─── PROVIDED DATA

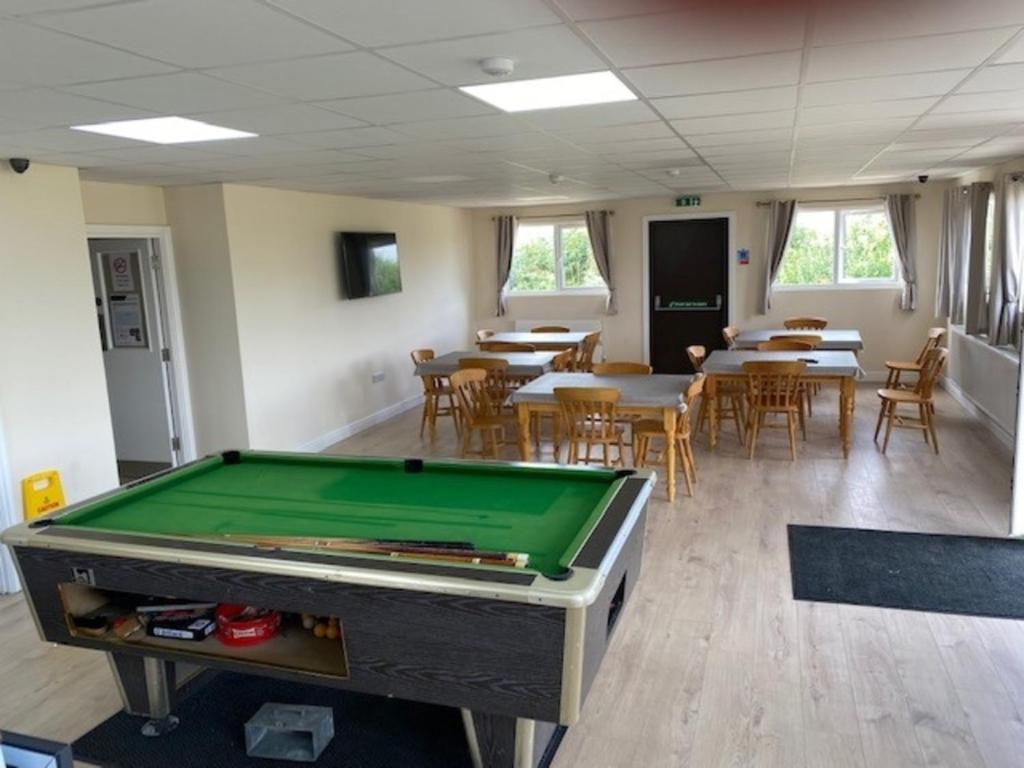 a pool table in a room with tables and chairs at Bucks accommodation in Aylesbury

──────
─── PROVIDED DATA

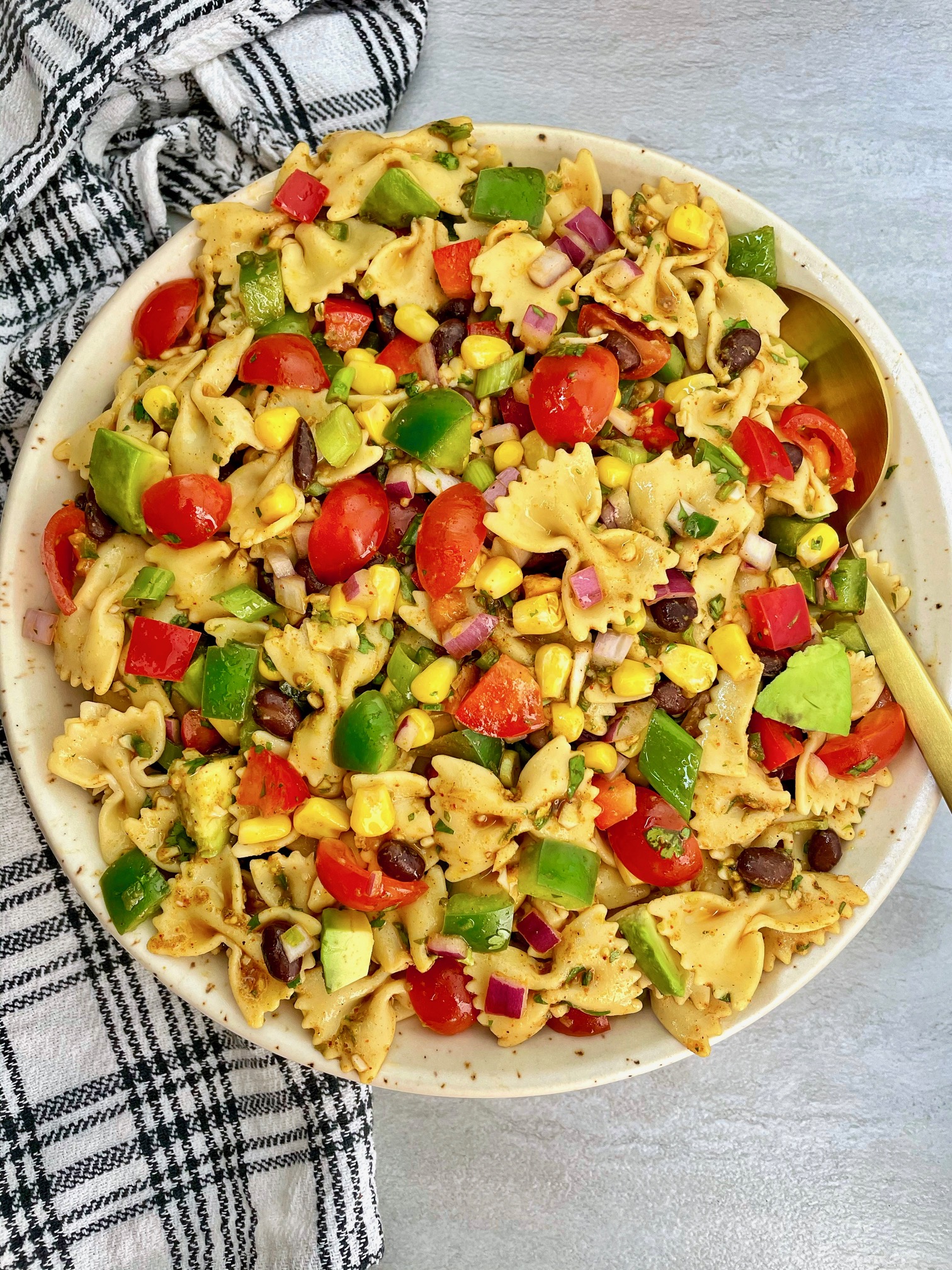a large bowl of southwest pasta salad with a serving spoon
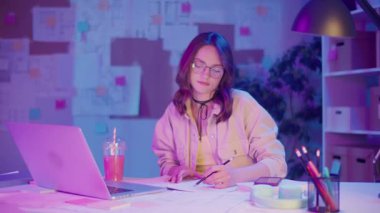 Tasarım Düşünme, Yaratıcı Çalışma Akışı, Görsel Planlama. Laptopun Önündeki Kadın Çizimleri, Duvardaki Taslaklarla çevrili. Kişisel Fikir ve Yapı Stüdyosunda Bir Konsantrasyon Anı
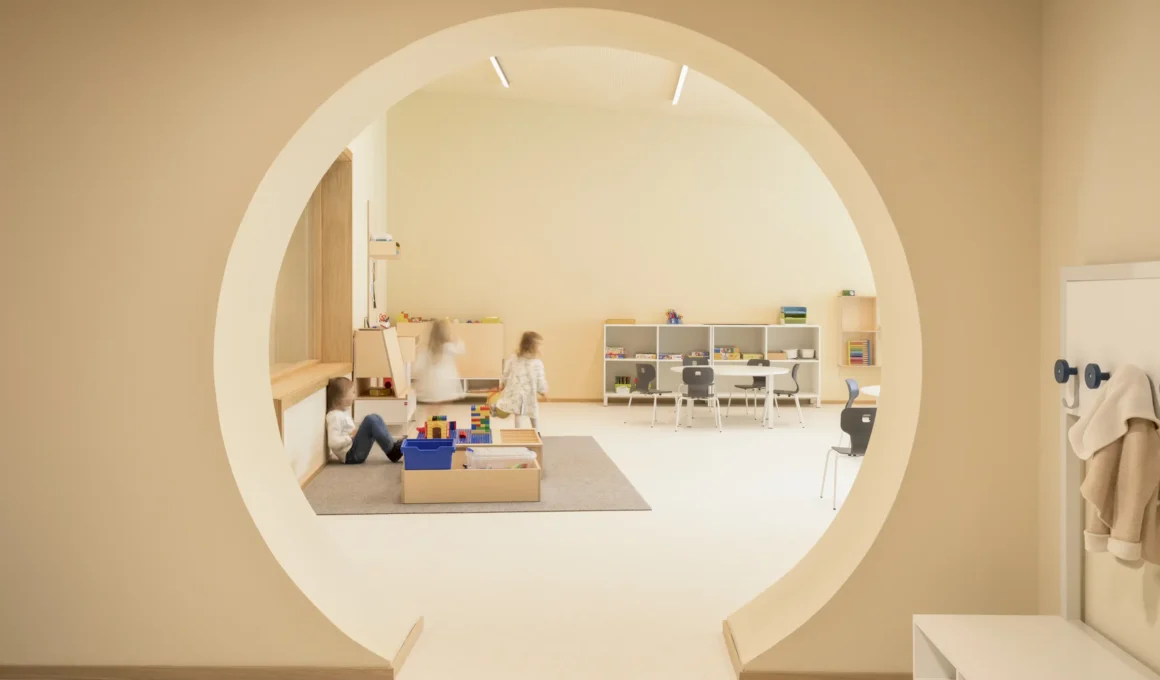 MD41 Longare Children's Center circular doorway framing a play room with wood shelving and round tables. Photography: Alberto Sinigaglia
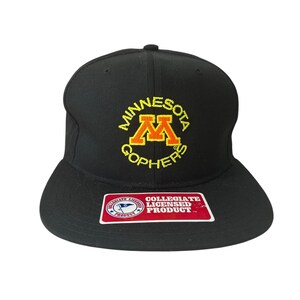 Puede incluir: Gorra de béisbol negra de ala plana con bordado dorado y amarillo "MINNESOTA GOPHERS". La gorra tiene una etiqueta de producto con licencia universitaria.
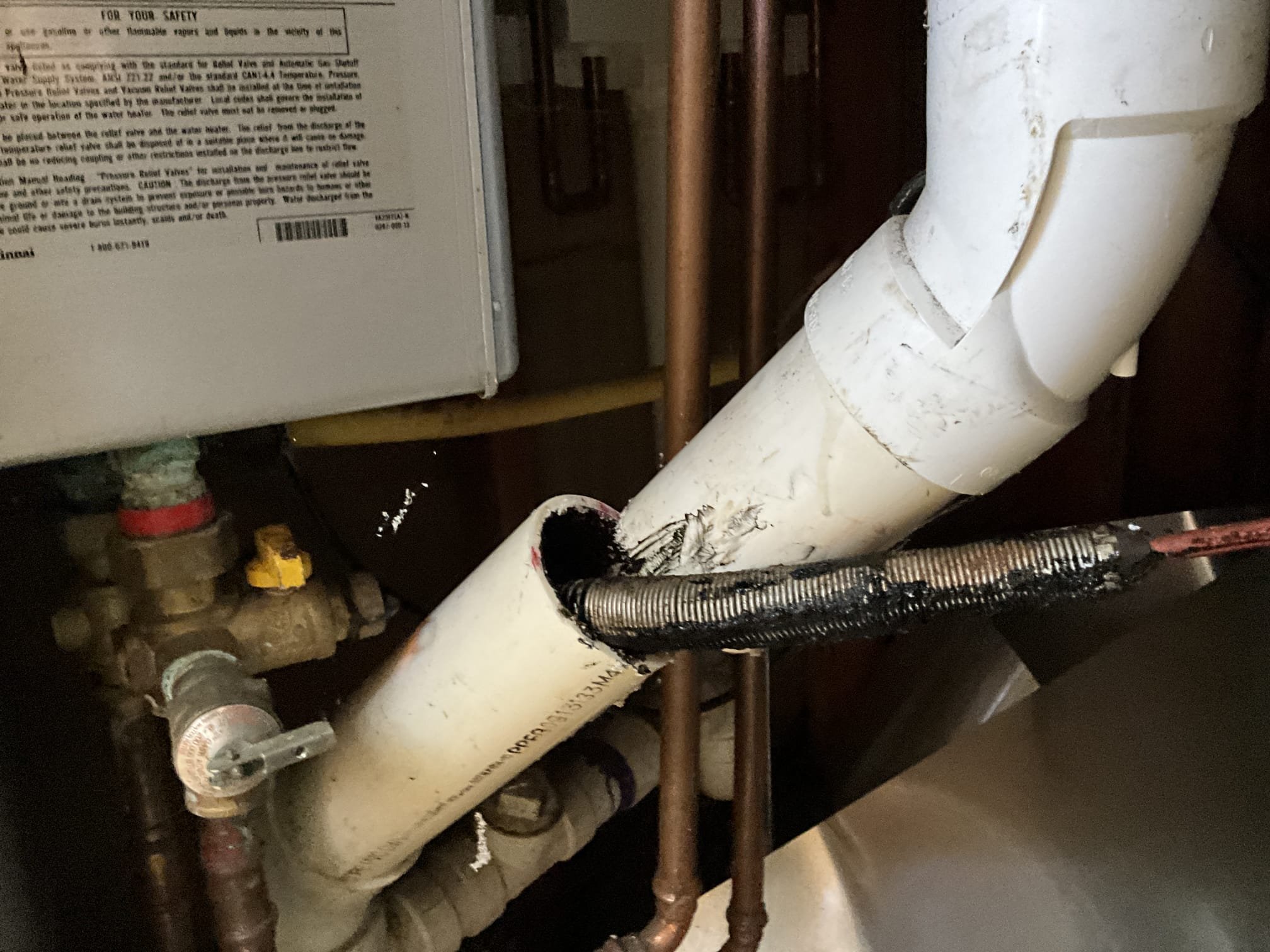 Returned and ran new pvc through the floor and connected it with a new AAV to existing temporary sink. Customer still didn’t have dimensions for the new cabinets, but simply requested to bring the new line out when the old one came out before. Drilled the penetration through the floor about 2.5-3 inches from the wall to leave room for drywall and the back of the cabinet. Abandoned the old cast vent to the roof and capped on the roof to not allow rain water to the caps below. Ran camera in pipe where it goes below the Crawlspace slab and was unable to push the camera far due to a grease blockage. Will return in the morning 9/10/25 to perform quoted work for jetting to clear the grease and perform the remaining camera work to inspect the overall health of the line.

──────

__PROMPT__. Each line above starting at the one holding "a large bowl" and ending at the one holding "Puede incluir: Gorra" should be set down exactly as it stands, both ends included, with no pictures.

__WRITTEN RESPONSE__.
a large bowl of southwest pasta salad with a serving spoon
 Tasarım Düşünme, Yaratıcı Çalışma Akışı, Görsel Planlama. Laptopun Önündeki Kadın Çizimleri, Duvardaki Taslaklarla çevrili. Kişisel Fikir ve Yapı Stüdyosunda Bir Konsantrasyon Anı
 MD41 Longare Children's Center circular doorway framing a play room with wood shelving and round tables. Photography: Alberto Sinigaglia
 Puede incluir: Gorra de béisbol negra de ala plana con bordado dorado y amarillo "MINNESOTA GOPHERS". La gorra tiene una etiqueta de producto con licencia universitaria.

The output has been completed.